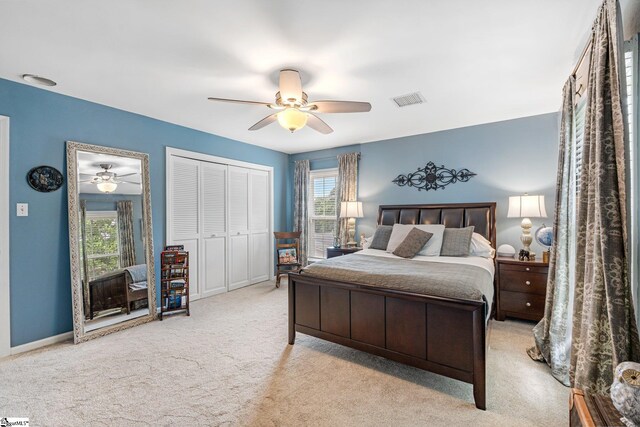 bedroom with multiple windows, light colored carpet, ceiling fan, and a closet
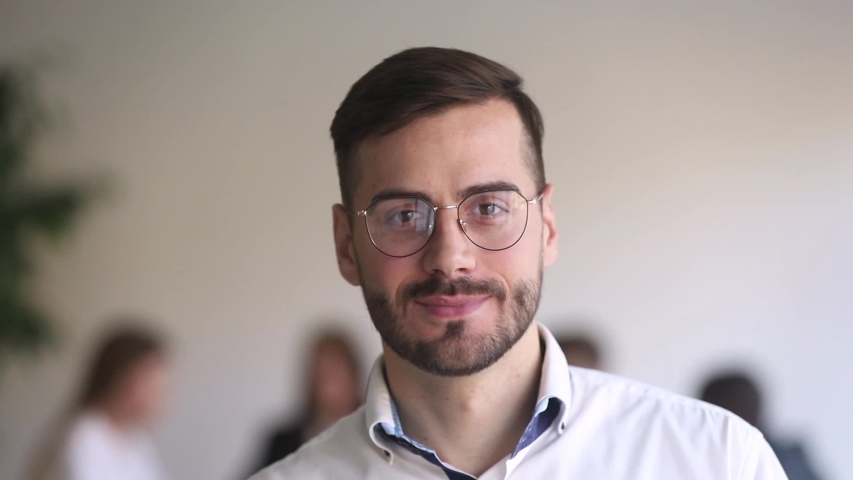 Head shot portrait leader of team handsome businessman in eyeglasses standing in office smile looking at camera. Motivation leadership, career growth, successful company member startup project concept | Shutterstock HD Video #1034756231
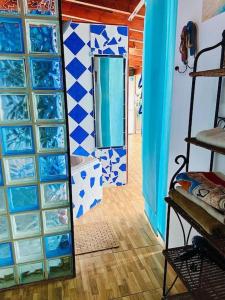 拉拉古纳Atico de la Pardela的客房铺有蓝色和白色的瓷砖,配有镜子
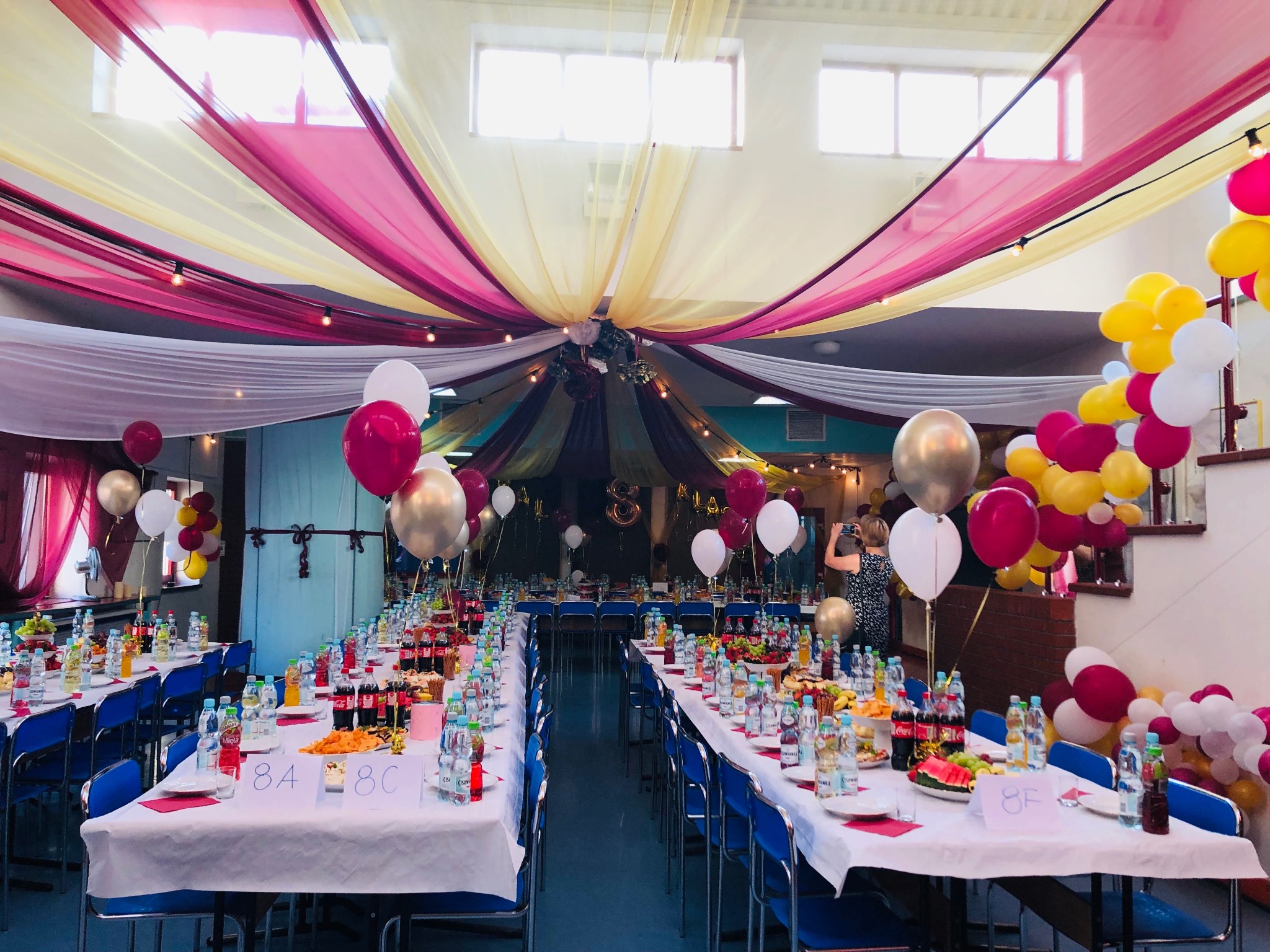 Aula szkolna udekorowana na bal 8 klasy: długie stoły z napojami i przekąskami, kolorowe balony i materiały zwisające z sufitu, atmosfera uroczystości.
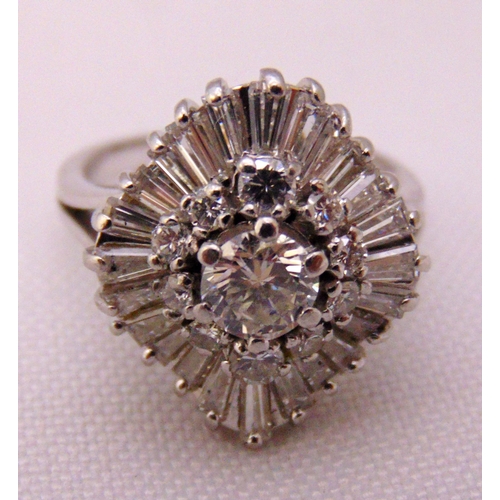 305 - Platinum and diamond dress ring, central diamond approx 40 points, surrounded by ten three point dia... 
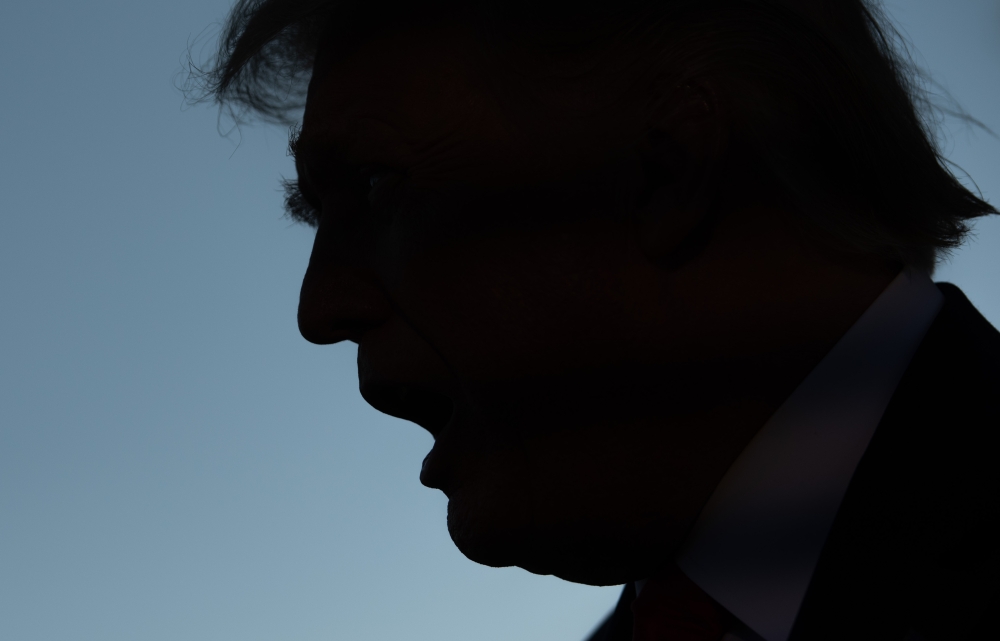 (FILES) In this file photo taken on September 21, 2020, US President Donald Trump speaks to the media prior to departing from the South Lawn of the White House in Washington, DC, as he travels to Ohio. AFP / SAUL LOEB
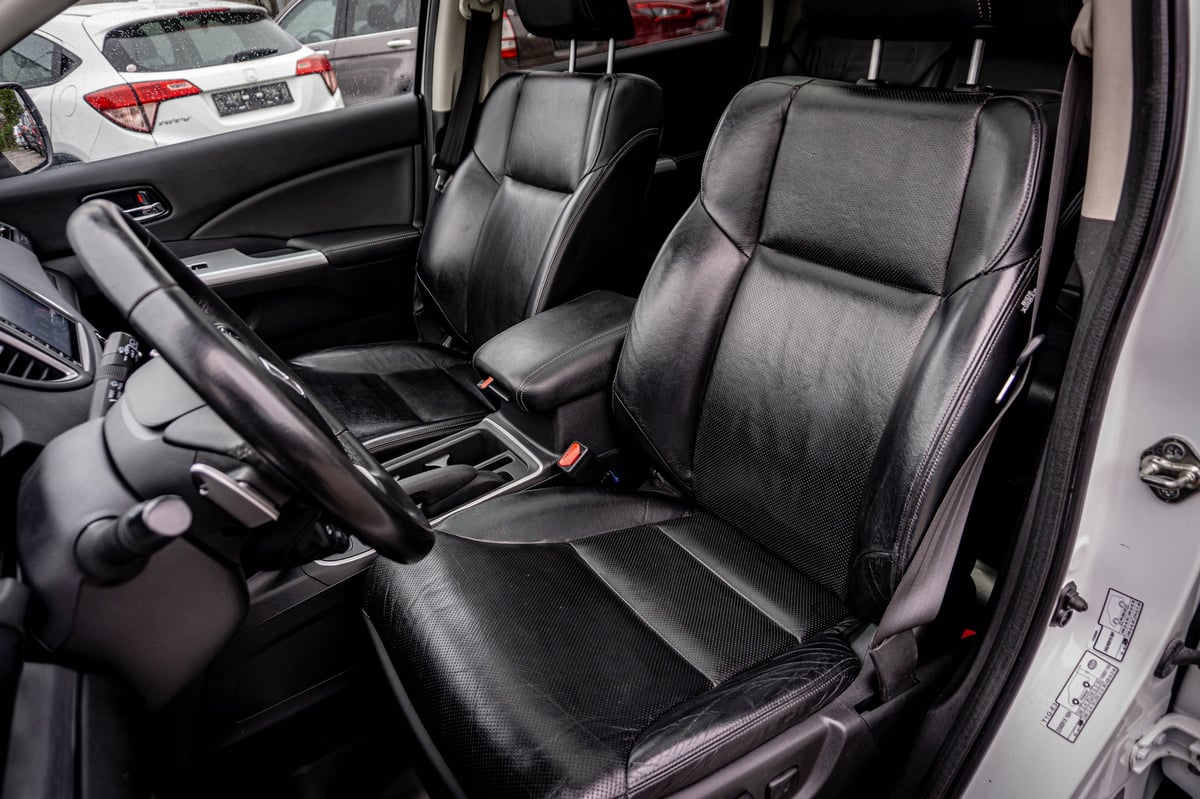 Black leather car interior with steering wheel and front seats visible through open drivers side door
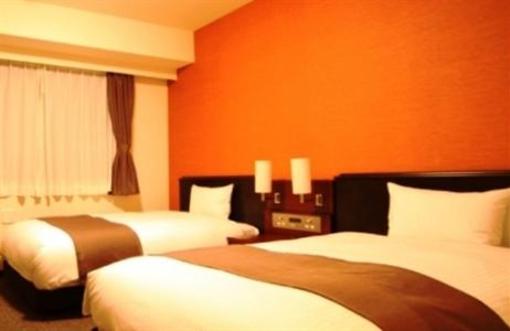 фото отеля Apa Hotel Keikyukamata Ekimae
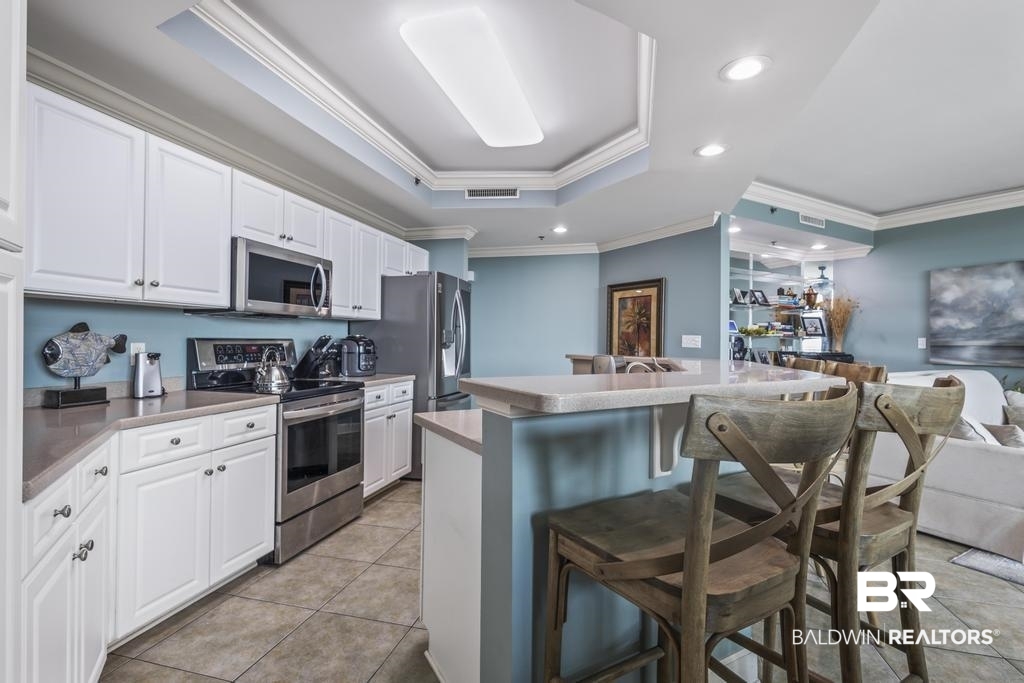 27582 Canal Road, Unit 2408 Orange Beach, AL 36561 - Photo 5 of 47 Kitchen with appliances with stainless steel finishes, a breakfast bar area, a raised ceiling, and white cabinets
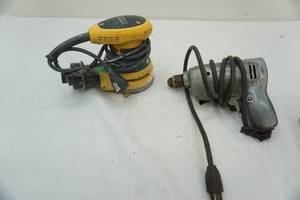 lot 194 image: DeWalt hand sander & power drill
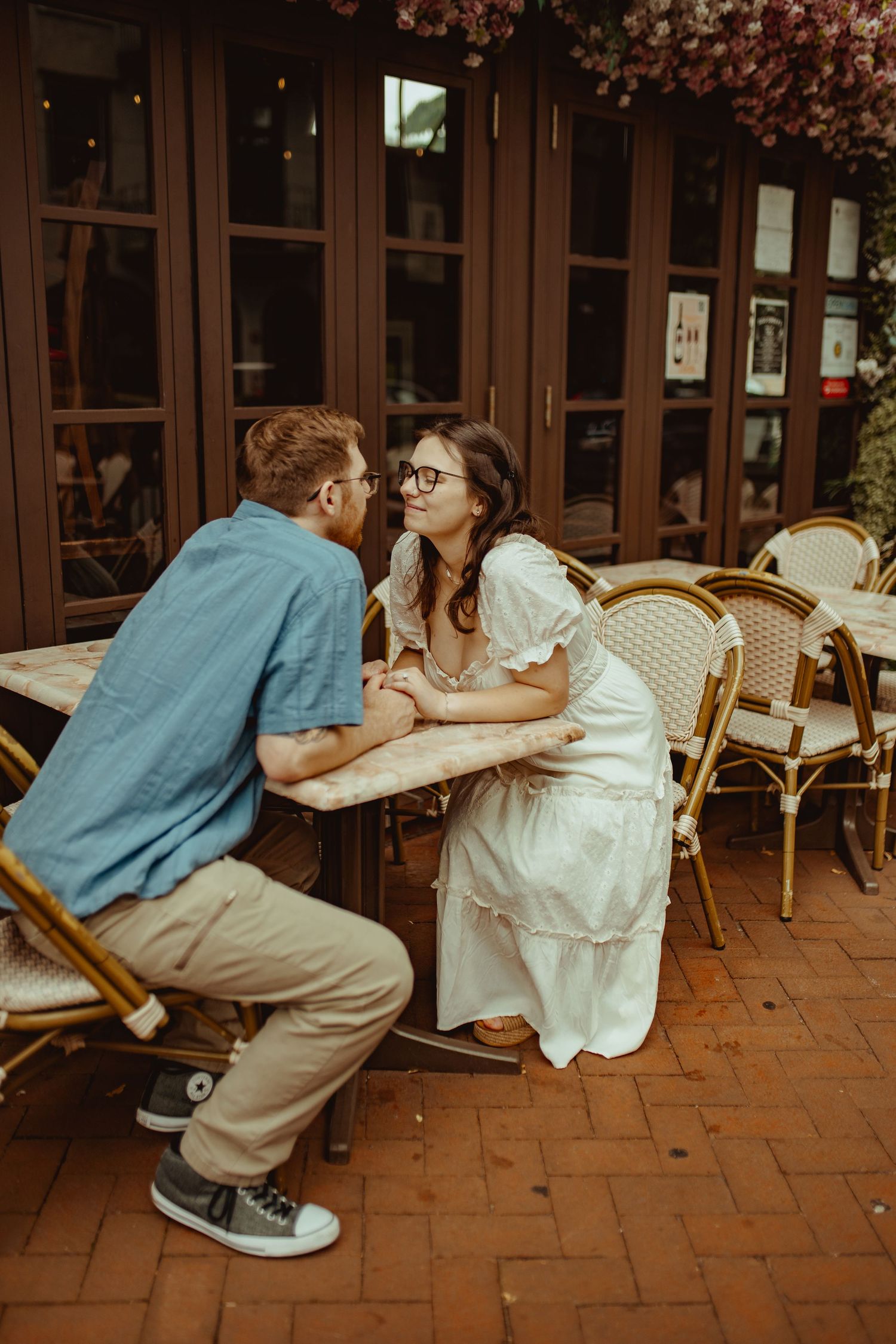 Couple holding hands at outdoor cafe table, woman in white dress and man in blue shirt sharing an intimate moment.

* * * * * * *

Your task: Your copy should hold only the lines above from the one containing "Head shot portrait" through the one containing "305 - Platinum", exactly as written and free of pictures.

Written solution:
 Head shot portrait leader of team handsome businessman in eyeglasses standing in office smile looking at camera. Motivation leadership, career growth, successful company member startup project concept | Shutterstock HD Video #1034756231
 拉拉古纳Atico de la Pardela的客房铺有蓝色和白色的瓷砖,配有镜子
 Aula szkolna udekorowana na bal 8 klasy: długie stoły z napojami i przekąskami, kolorowe balony i materiały zwisające z sufitu, atmosfera uroczystości.
 305 - Platinum and diamond dress ring, central diamond approx 40 points, surrounded by ten three point dia... 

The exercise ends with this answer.